CDC Reports Seasonal Rise in Influenza Activity
Influenza A represents 84 percent of cases this season
MONDAY, Feb. 11 (HealthDay News) -- Despite a slow beginning, seasonal flu activity has increased sharply in recent weeks, consistent with the pattern of previous years, according to a statement issued this week from the U.S. Centers for Disease Control and Prevention (CDC).
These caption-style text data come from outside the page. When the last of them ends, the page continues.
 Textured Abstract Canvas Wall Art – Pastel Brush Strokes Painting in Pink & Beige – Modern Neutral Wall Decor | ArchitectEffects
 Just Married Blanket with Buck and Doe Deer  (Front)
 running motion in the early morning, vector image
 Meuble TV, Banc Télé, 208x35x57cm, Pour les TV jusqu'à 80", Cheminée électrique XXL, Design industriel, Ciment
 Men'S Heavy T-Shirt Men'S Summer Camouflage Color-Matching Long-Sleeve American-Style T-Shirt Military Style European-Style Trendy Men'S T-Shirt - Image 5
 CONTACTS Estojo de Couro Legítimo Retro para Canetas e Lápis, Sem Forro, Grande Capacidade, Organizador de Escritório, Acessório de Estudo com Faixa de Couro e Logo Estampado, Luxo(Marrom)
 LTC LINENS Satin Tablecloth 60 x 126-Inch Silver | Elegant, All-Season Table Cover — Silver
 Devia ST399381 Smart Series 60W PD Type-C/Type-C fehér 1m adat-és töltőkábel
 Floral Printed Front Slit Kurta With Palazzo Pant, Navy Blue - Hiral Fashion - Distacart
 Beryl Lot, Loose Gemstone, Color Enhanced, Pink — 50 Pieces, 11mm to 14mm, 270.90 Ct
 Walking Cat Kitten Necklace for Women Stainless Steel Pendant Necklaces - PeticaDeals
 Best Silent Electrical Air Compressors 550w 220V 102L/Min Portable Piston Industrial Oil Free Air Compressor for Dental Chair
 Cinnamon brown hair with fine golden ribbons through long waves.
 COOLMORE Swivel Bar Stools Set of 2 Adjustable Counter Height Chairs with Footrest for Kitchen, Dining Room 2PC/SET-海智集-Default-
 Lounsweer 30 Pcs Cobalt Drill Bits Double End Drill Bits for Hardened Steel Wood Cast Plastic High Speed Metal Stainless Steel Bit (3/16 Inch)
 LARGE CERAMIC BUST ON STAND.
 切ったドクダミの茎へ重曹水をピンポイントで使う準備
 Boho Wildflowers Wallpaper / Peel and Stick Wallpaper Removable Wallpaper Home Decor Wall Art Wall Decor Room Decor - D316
According to the CDC, at present 31 states report widespread influenza activity, 17 report regional activity and two states plus the District of Columbia report local activity. In addition, deaths attributable to pneumonia and influenza have risen during the last month, indicating the expected seasonal upward trend.
Eighty-four percent of the influenza viruses typed in the CDC laboratory's surveillance systems are influenza A viruses, with the remaining 16 percent influenza B viruses. Over half of the influenza A viruses are of the H1N1 strain, which should be well covered by this year's vaccine. However, the H3N2 strain of influenza A viruses, and the type B viruses, may not be optimally covered, according to Joe Bresee, M.D., chief of the epidemiology and prevention branch of the CDC's influenza division.
It is "important to remember that while a less-than-ideal virus match between the viruses in the vaccine and those in the circulating viruses can reduce vaccine effectiveness, we know from past influenza studies that the vaccine can still protect enough to make illness milder or prevent flu-related complications," said Bresee.